Data:
════════════════

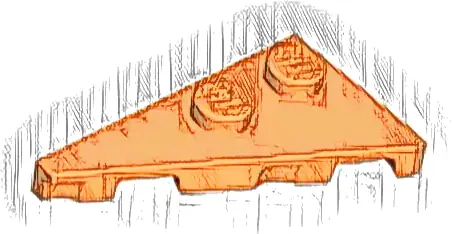 Wedge, Plate 4 x 2 Left, Pointed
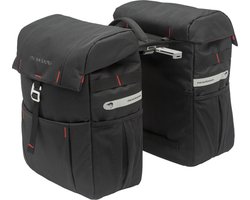 New Looxs Vigo Double - Dubbele Fietstas - Geschikt voor Electrische Fietsen - Ingebouwde MIK adapter - Afneembare Fietstas met Modern Design - 37 Liter - Zwart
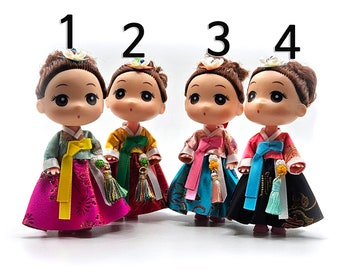 Hanbok Doll Keychain: Korean Traditional Dress Bag Charm Christmas ornament gift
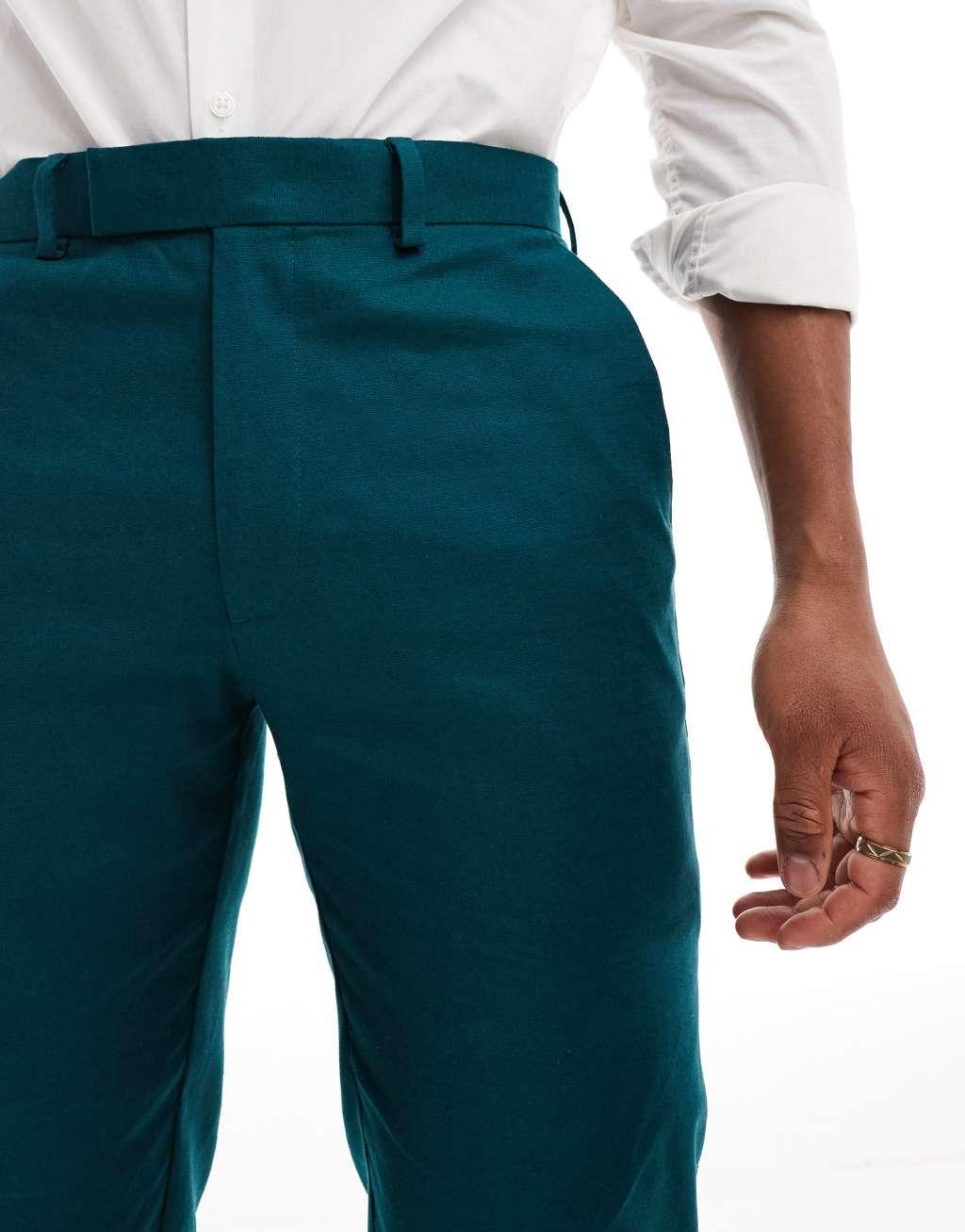 ASOS DESIGN slim linen mix suit pants in teal green Product Image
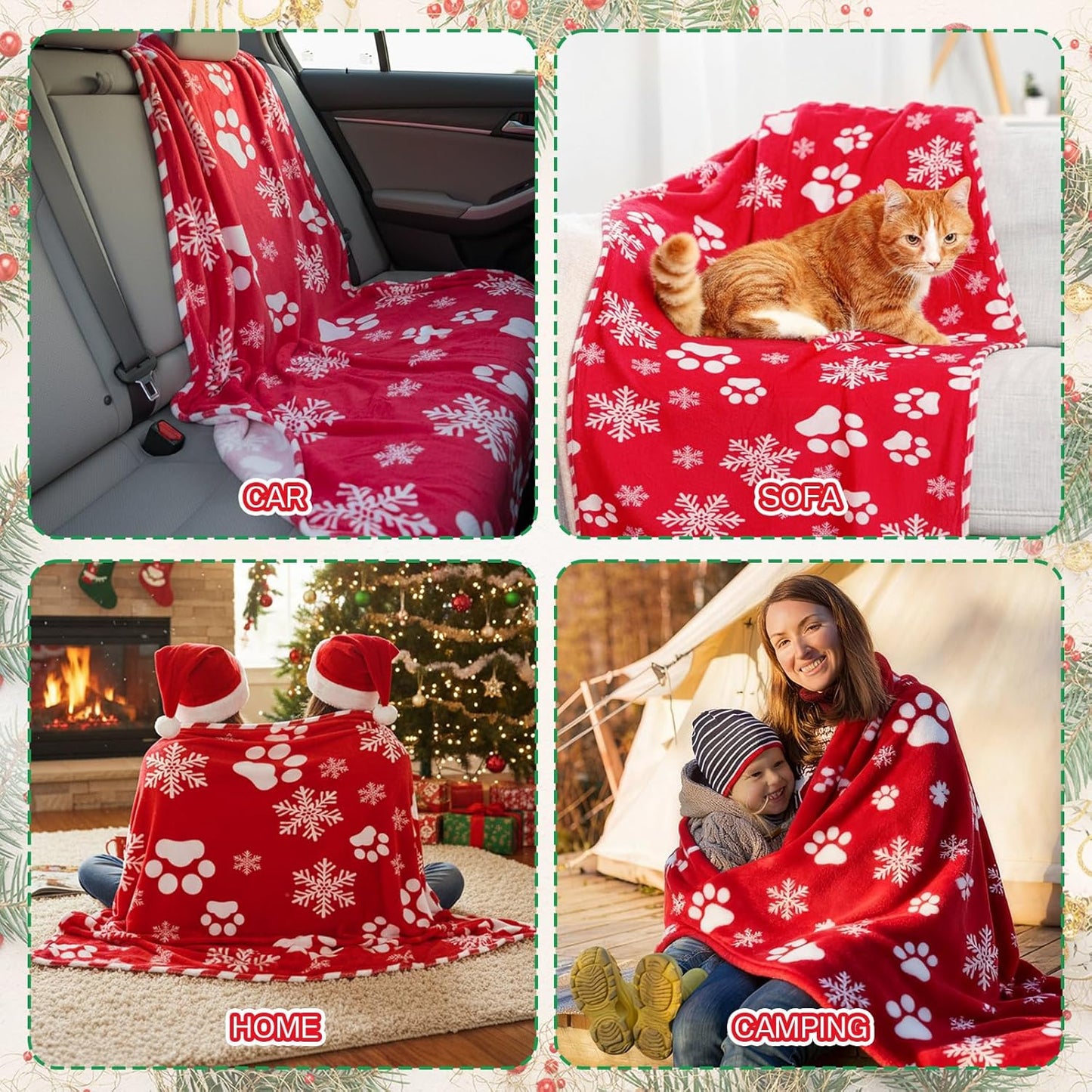 Christmas Flannel Blanket 50 x 60 Inch Cat Dog Paw Pattern Throws Blanket Soft Lightweight Cozy Gift Holiday for Bed Couch Sofa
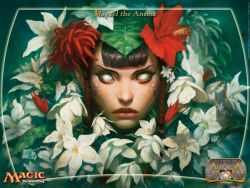  1280x960 elf flower lipstick magic:_the_gathering magic_the_gathering makeup mayael_the_anima pointy_ears white_eyes 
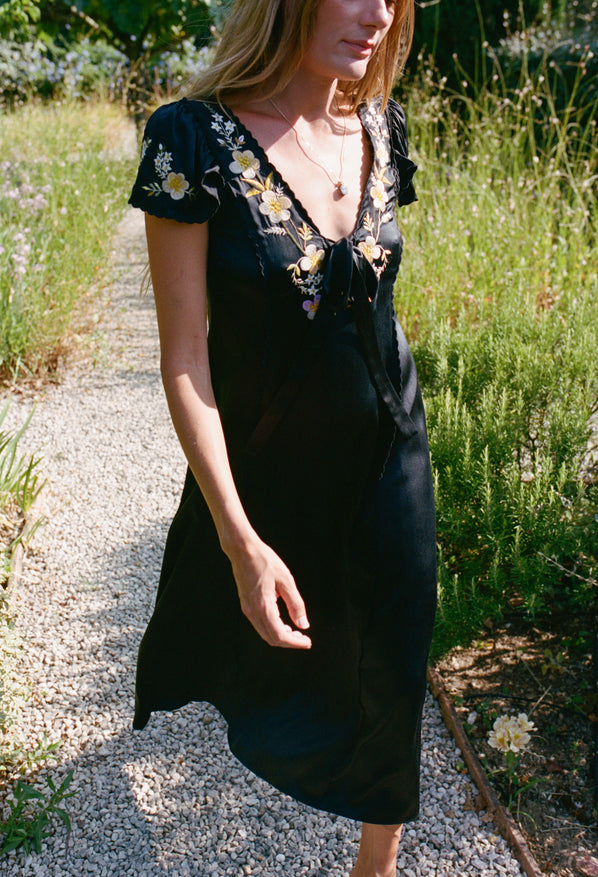 Elize Black Charmeuse Dress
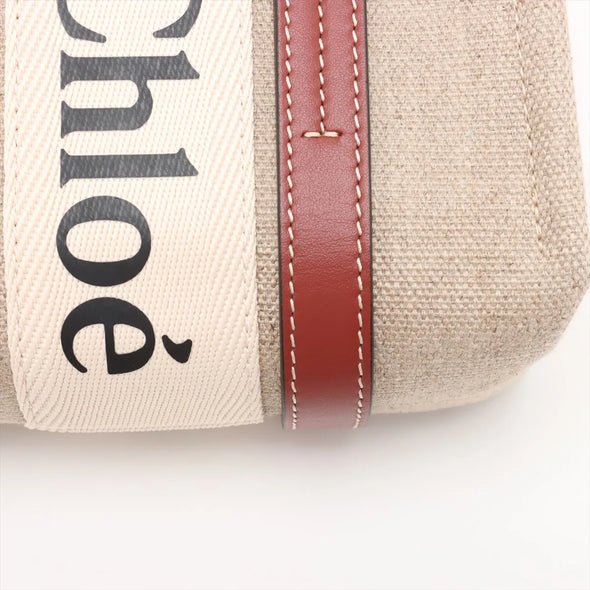 Chloe Brown and Beige Canvas Small Woody Tote Bag [Clearance Sale]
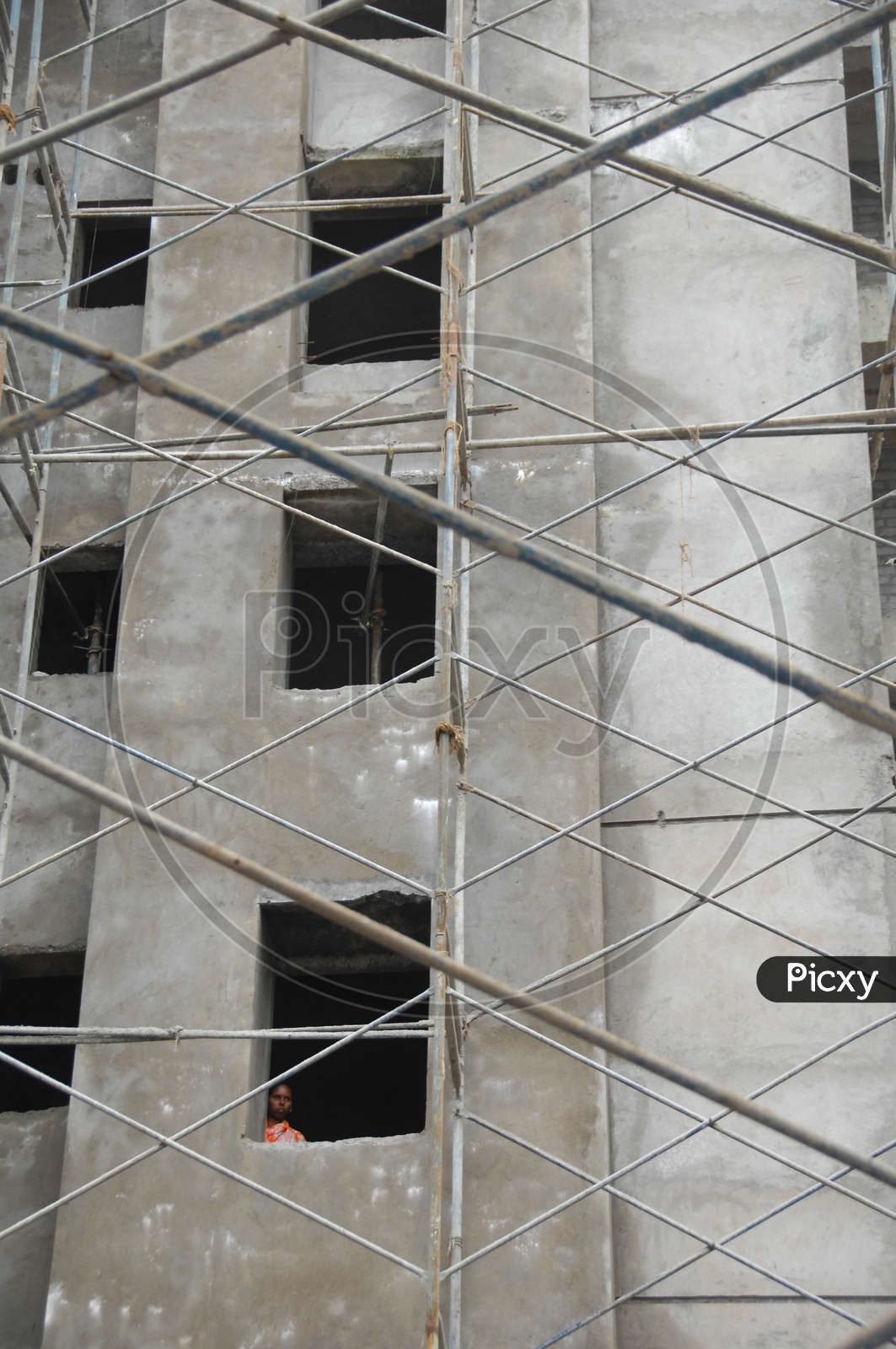 Iron rods and pmc pipes placed at the construction of building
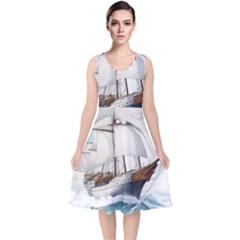 Ship Sail Sea Waves V-neck Midi Sleeveless Dress 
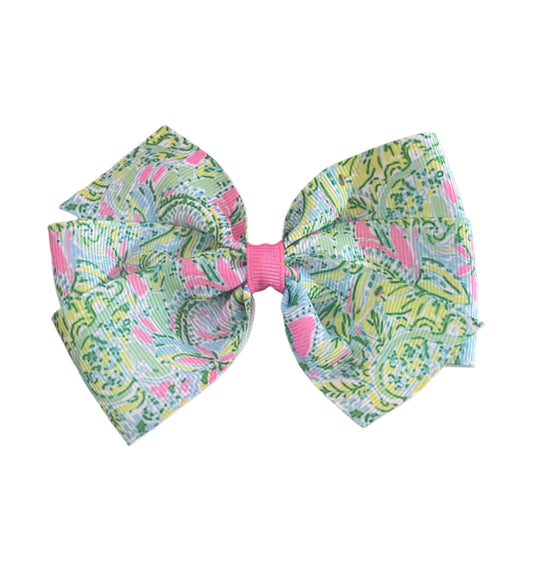 Coconut Jungle Preppy Hair Bow, girl, clip
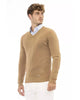 Fine Ribbed Knit V-neck Sweater with Long Sleeves 52 IT Men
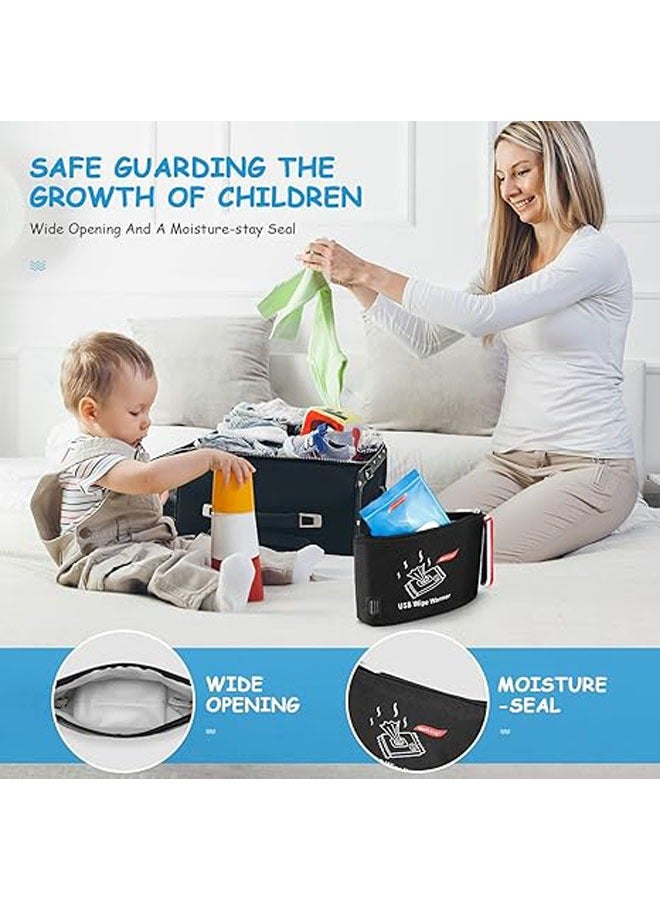 USB Baby Wipes Warmer Portable Baby Wipes Heating Baby Wipes Heating Bag Travel  Mobile Warm Bag 9.45 x 6.3 inches - Image 2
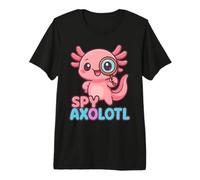 Spy Axolotl Kawaii Pink Detective Secret Agent Disfraz Niña Camiseta Premium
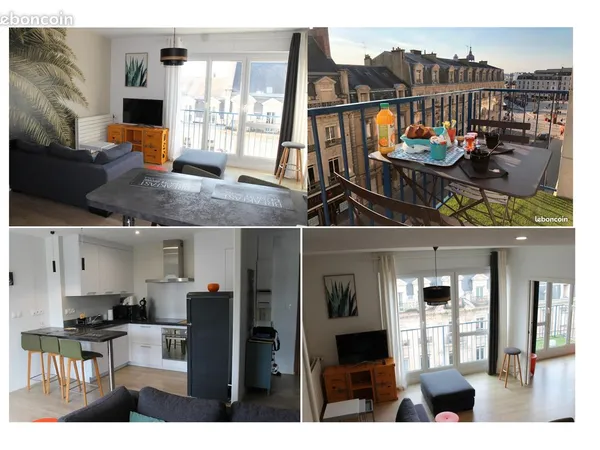Plein centre, 1 chambre dispo. Dans beau T3 meublé, proche gare et République 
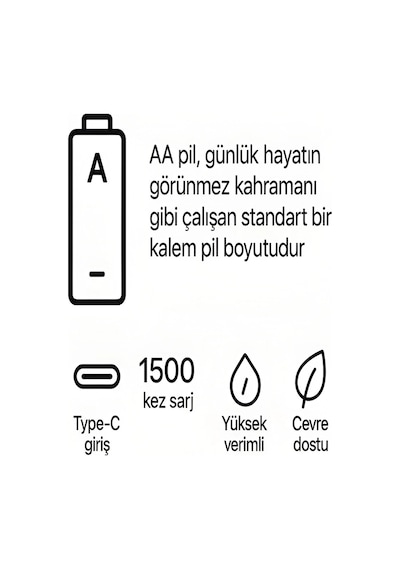 Type-c Şarjlı 2800mwh 1.5v Şarj Edilebilir 2 Li Aa5 Kalem Pil - Lityum Iyon Batarya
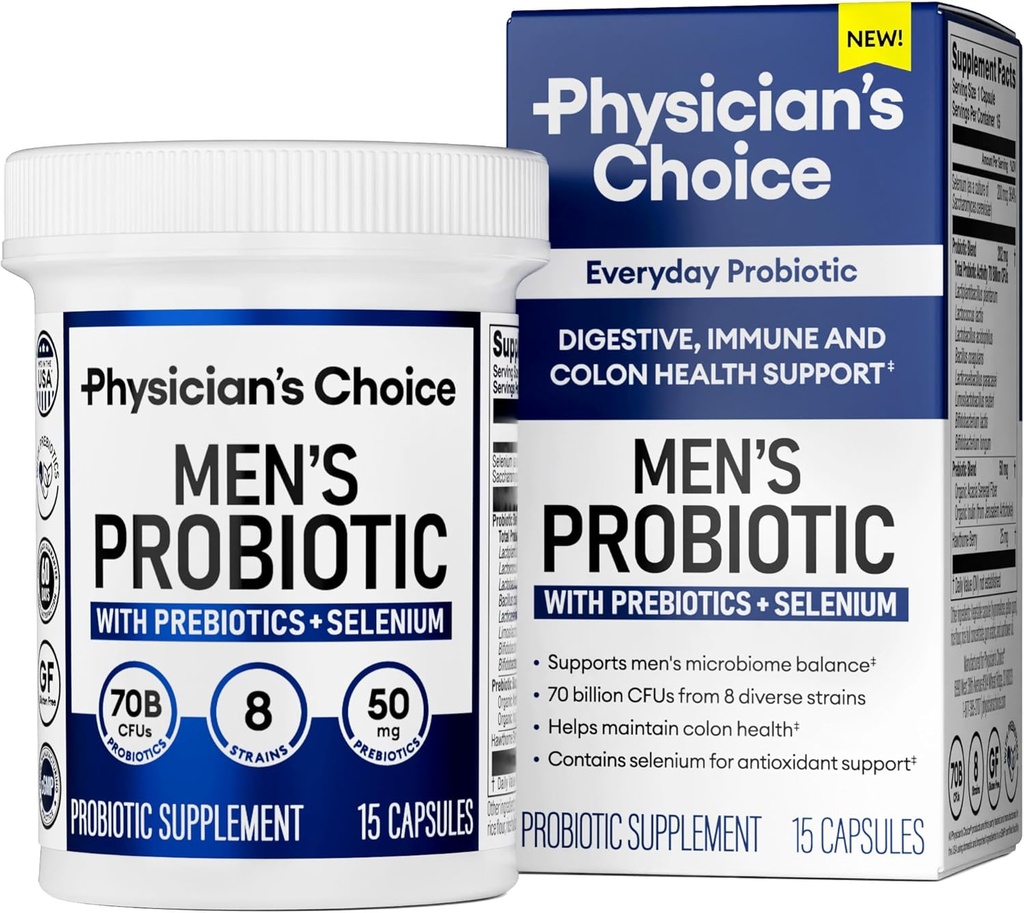 Alegerea medicului Probiotice pentru bărbaţi - 70 Miliarde CFU - 8 Tulpini - Seleniu & Prebiotice - Sprijină Digestive Health, Microbiome, Colon, & Imune Health - Advanced Men's Probiotic - 15cts Sample Size
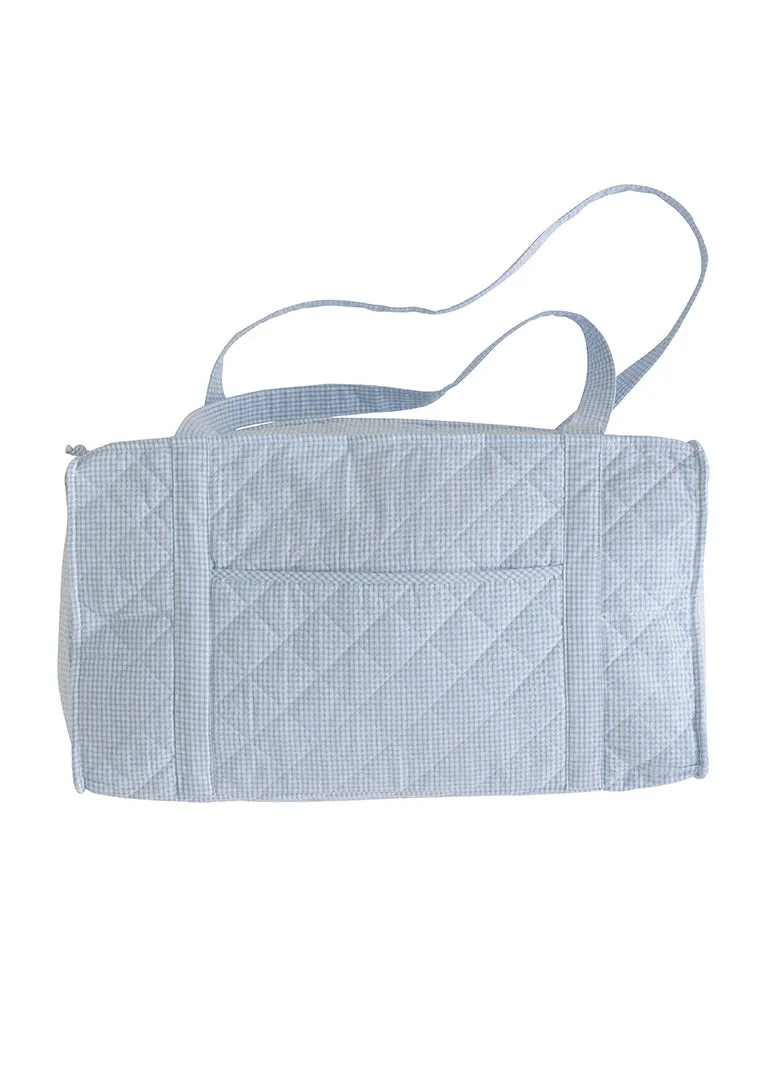 Light Blue Quilted Duffle Bag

════════════════

What you need to do: Retype each entry above character for character; pictures stay out.

Output of the exercise:
 Wedge, Plate 4 x 2 Left, Pointed
 New Looxs Vigo Double - Dubbele Fietstas - Geschikt voor Electrische Fietsen - Ingebouwde MIK adapter - Afneembare Fietstas met Modern Design - 37 Liter - Zwart
 Hanbok Doll Keychain: Korean Traditional Dress Bag Charm Christmas ornament gift
 ASOS DESIGN slim linen mix suit pants in teal green Product Image
 Christmas Flannel Blanket 50 x 60 Inch Cat Dog Paw Pattern Throws Blanket Soft Lightweight Cozy Gift Holiday for Bed Couch Sofa
  1280x960 elf flower lipstick magic:_the_gathering magic_the_gathering makeup mayael_the_anima pointy_ears white_eyes 
 Elize Black Charmeuse Dress
 Chloe Brown and Beige Canvas Small Woody Tote Bag [Clearance Sale]
 Iron rods and pmc pipes placed at the construction of building
 Ship Sail Sea Waves V-neck Midi Sleeveless Dress 
 Coconut Jungle Preppy Hair Bow, girl, clip
 Fine Ribbed Knit V-neck Sweater with Long Sleeves 52 IT Men
 USB Baby Wipes Warmer Portable Baby Wipes Heating Baby Wipes Heating Bag Travel  Mobile Warm Bag 9.45 x 6.3 inches - Image 2
 Spy Axolotl Kawaii Pink Detective Secret Agent Disfraz Niña Camiseta Premium
Plein centre, 1 chambre dispo. Dans beau T3 meublé, proche gare et République 
 Type-c Şarjlı 2800mwh 1.5v Şarj Edilebilir 2 Li Aa5 Kalem Pil - Lityum Iyon Batarya
 Alegerea medicului Probiotice pentru bărbaţi - 70 Miliarde CFU - 8 Tulpini - Seleniu & Prebiotice - Sprijină Digestive Health, Microbiome, Colon, & Imune Health - Advanced Men's Probiotic - 15cts Sample Size
 Light Blue Quilted Duffle Bag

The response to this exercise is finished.